■ Exercise prompt:
Pictures within the data are to be left out; everything else must be reproduced exactly.

■ Collected data:
= Beginning of Section =

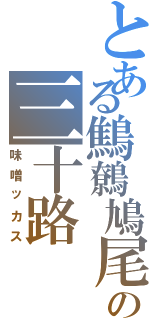 とある鷦鷯鳩尾の三十路（味噌ッカス）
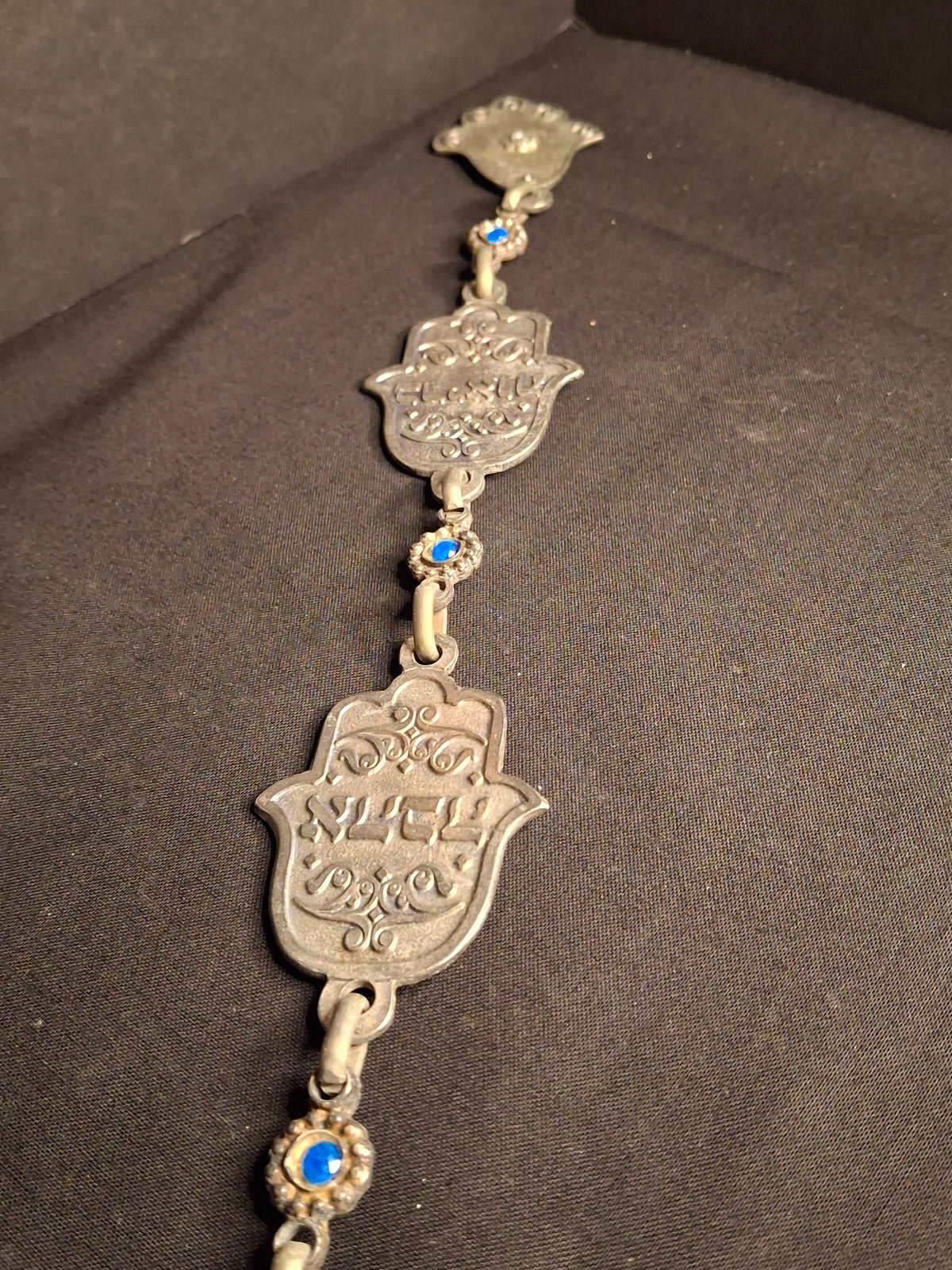 Vintage Israeli Pewter Hamsa Wall Hanging Chain 33" Judaica Blessing Blue Glass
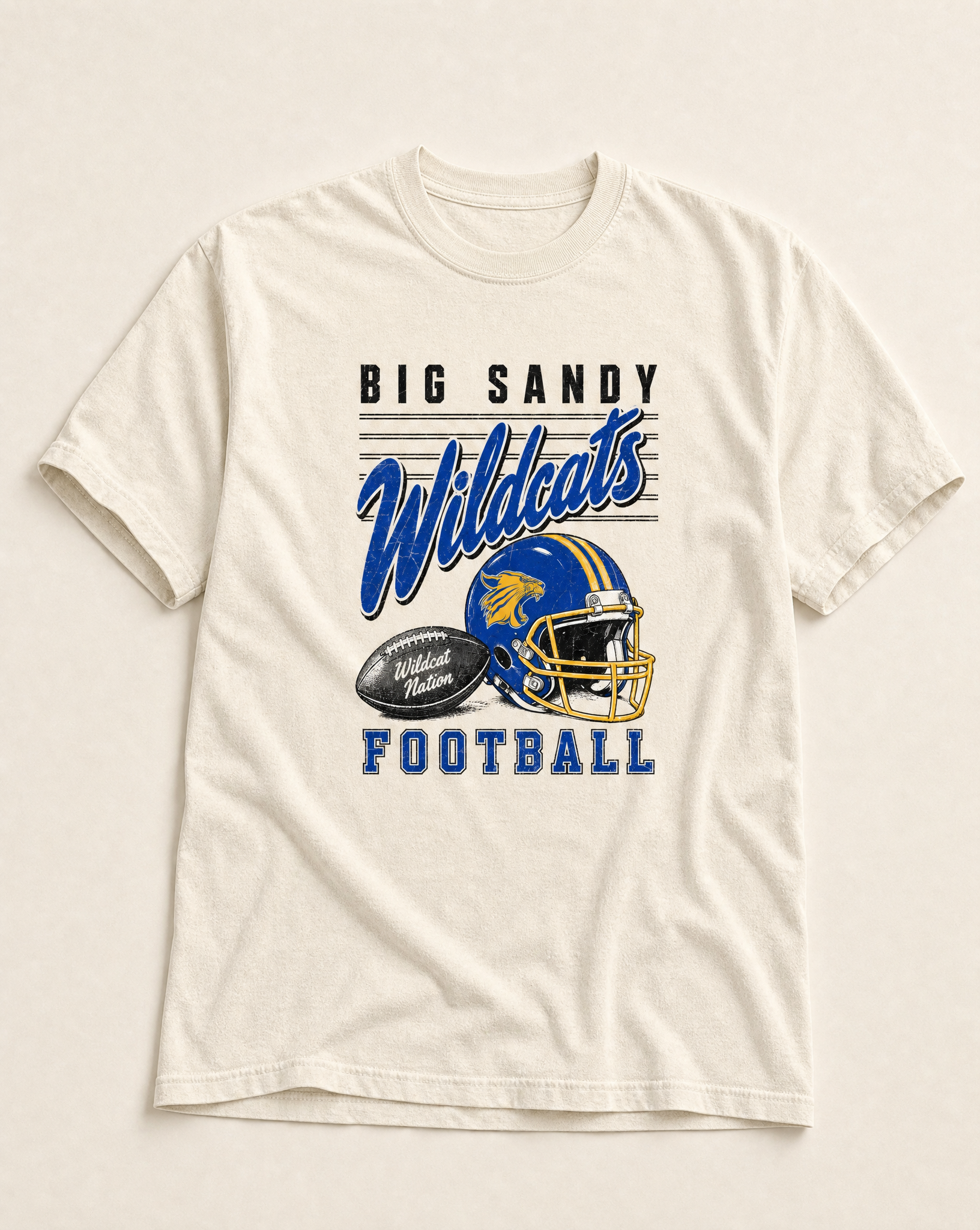 Big Sandy Wildcats Football Retro Tee in ivory, flat lay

= End of Section =

■ Reply:
 とある鷦鷯鳩尾の三十路（味噌ッカス）
 Vintage Israeli Pewter Hamsa Wall Hanging Chain 33" Judaica Blessing Blue Glass
 Big Sandy Wildcats Football Retro Tee in ivory, flat lay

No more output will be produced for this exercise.